ATLANTA — MARTA has rolled out a sweeping expansion plan that extends light rail and bus lines across the city.

From the Emory campus to Campbellton Road , it would create new transportation options for several Atlanta neighborhoods. The plan could take decades to complete.

If it moves forward, it would be by far the largest expansion in MARTA's history.

"It's about time. We need it. We really do.
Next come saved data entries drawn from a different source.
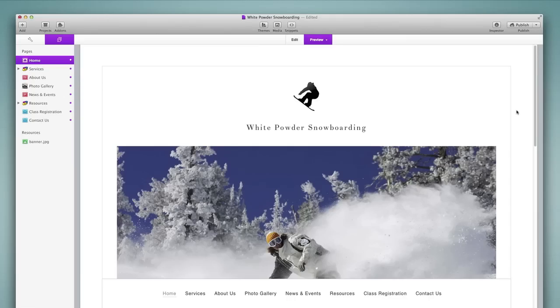RapidWeaver 6 is here and I'd like to spend this video walking you through the new features available in this version of the software. If you are a user of a previous version of RapidWeaver, then you will find this interface familiar but it still includes some significant upgrades and I'm going to talk about those here.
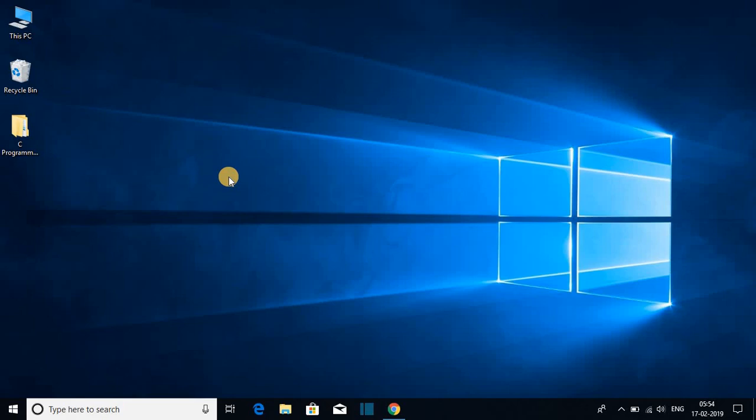I'm going to be showing you three methods. By using these three methods, you can easily create new folders on your Windows 10.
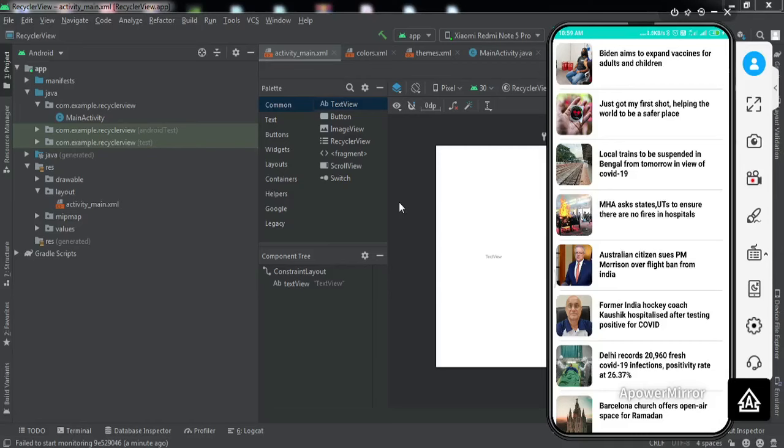Hey there everyone, welcome to another video of Fox Android. In this video we're going to learn how to implement a RecyclerView into our Android application using Java as the backend language. If you want to implement the same using Kotlin, I already have a video on that — I'll put the link in the description below. Let me just give you a brief demonstration of what we're going to get by the end of this video.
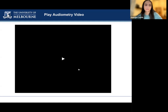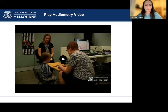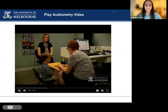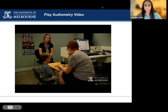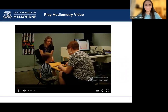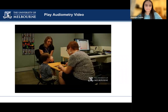We now have a short video demonstrating play audiometry from start to finish. With children, it is vital to establish a good rapport from the outset. The audiologist then begins training the child to perform the listening task.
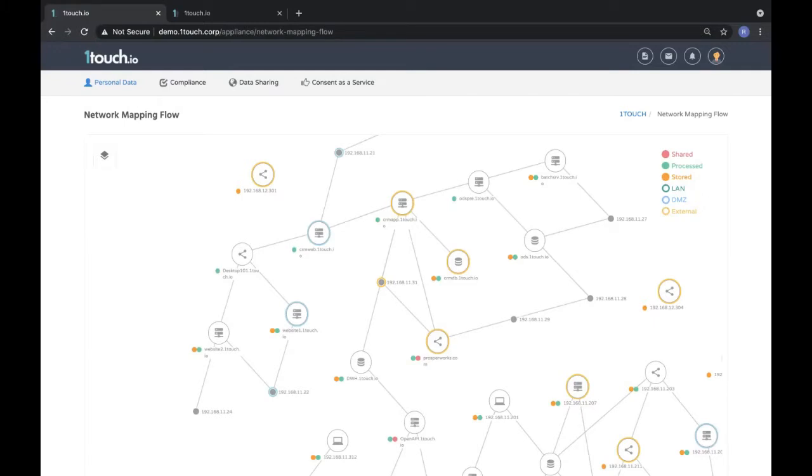Most organizations don't know where their sensitive data is, most likely because they have thousands of repositories such as databases, file shares, and cloud storage services where customer data is being copied and spread all over the place.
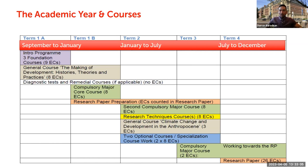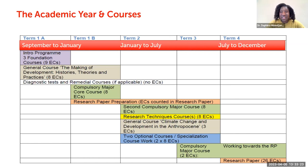Just to add on specialization — as Serafina rightly said, you do not need to specialize. However, if you do specialize, your research paper must be based on that specialization. That's an important word of advice.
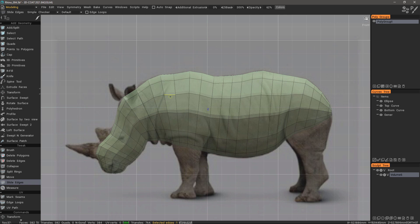However, if this model has to be animated in the end, then that's a different story. Therefore, we may want to go ahead and adjust our topology now for that very purpose, knowing that this base mesh will eventually be our target mesh for baking. With that said, let's get started.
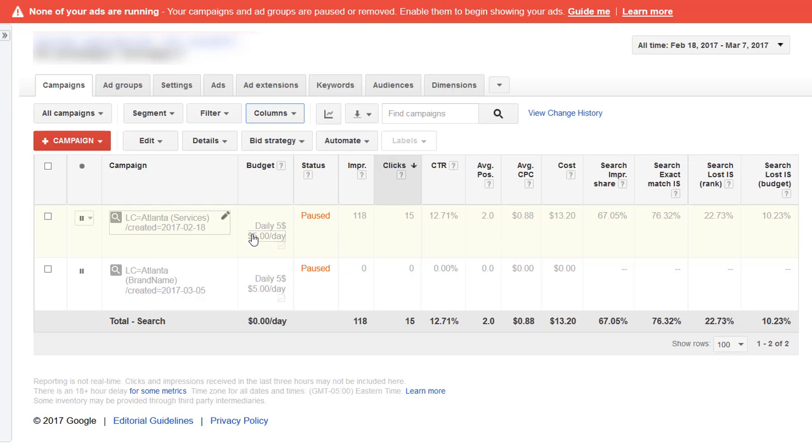Normally what you do if you don't want to lose impression share due to budget, you'd either drop your bids so that you're spending less than five dollars a day and not hitting the budget cap, or increase the budget.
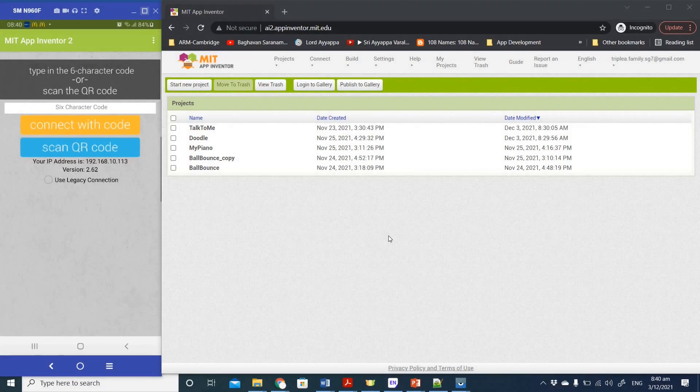Hi everyone. In this video I'm going to teach you how we can create a project where the timer block is going to be used to repeat a particular task again and again at a particular interval.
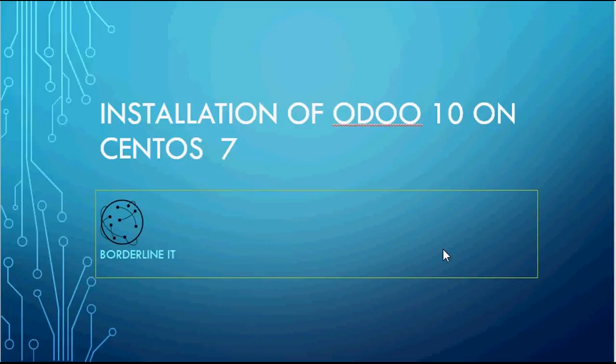Welcome to Borderline IT Tutorials. Today we're going to go through the installation of Odoo 10 on a CentOS 7 machine.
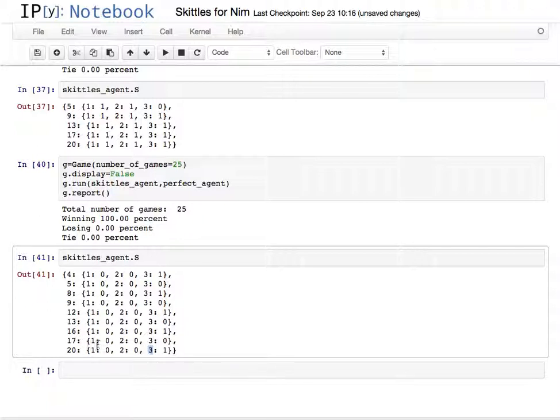We could probably make this a little bit more robust by forcing it to see states that it hasn't seen, maybe start with a random amount of sticks, and then it would learn pretty much the game completely.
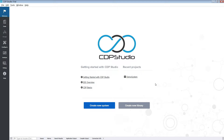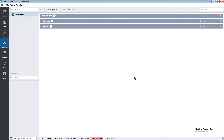Hello and welcome to this CDP Studio tutorial. In this tutorial we will use Analyze mode to graph and inspect the signals from your system. During this tutorial we will be using a default system with an added sine component. If you're not sure about how to create a system with a sine component, please refer to the previous tutorial on how to create a system.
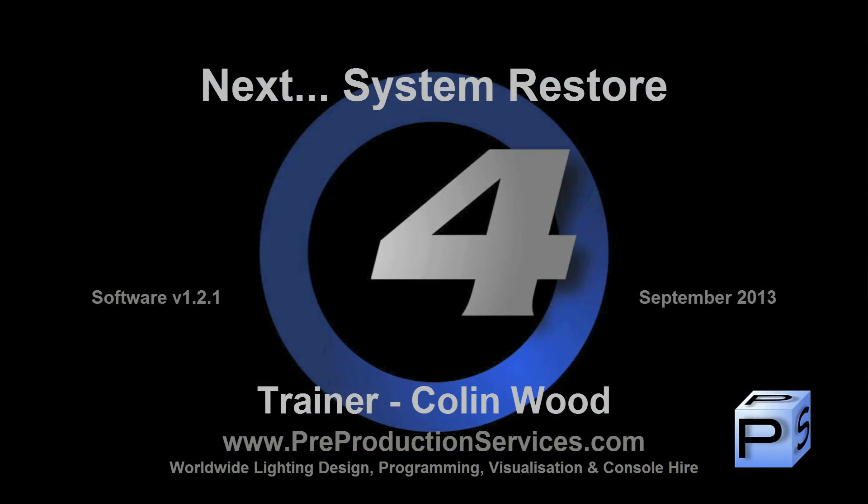In the next tutorial we shall look at performing a full system restore of your console. Thank you for watching.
Atlanta is getting bigger, so we need the expansion," MARTA rider Melody Toles told Channel 2 Action News.

Toles' reaction represent many more when we showed MARTA riders the multi-billion dollar, decades-long, expansion plan the agency dropped Thursday morning.

"I think it's great," MARTA rider Sharon Thornhill said.

The plan, which touches every corner of the city, calls for a combination of new light rail lines, extending the Atlanta street car, two different kinds of bus rapid transit, expanding other bus routes, plus building new transit stations.

"It's almost comparable to the original MARTA plan where the system was created," Georgia State University urban researcher Chris Wyczalkowski said.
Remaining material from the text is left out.